The populism, or anti-pluralism, of this government is as clear as it could be in its latest Queen’s Speech, which sets out what the government intends to do over the next session of parliament. It contains a bill that will restrict the ability of the courts to hold the government to account. No longer will the courts be able to stop the government closing down parliament. It contains a bill to make photo-ID compulsory in elections, which is a form of gerrymandering. The voting system in Mayoral and PCCs elections will be changed to FPTP, because it favours the Conservatives. It also contains a bill that will allow the police (and therefore the Home Secretary) to ban any demonstration they do not like.


This government just does not do accountability. No minister has resigned since the cabinet was formed just after the general election, despite many scandals that would have led to resignation in the past. The institutions of government that guard against ministerial wrongdoing, like the ministerial code, are now effectively meaningless as Johnson can and has overridden them. Parliament, that was once the ultimate source of power, is no longer, as the government increasingly ignores its existence. Johnson treats any opposition as an annoyance, constantly questioning why it is opposing rather than supporting his policies.

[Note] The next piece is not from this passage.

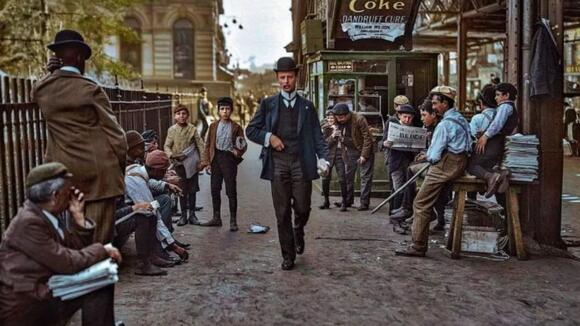20 photos that open a window into the life of a paper boy in the 1900s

Like all populists of the Trump, Orban type, Johnson aims through media dominance and habitual lying to create an alternative reality where the government are heroes rather than villains. There was never ever any plan by the government to achieve herd immunity, we were told (and continue to be told) in all seriousness after the government ditched its plan for herd immunity. Of course all governments spin, but gross lying like this is rare in normal governments, but it becomes the habitual first resort of populists.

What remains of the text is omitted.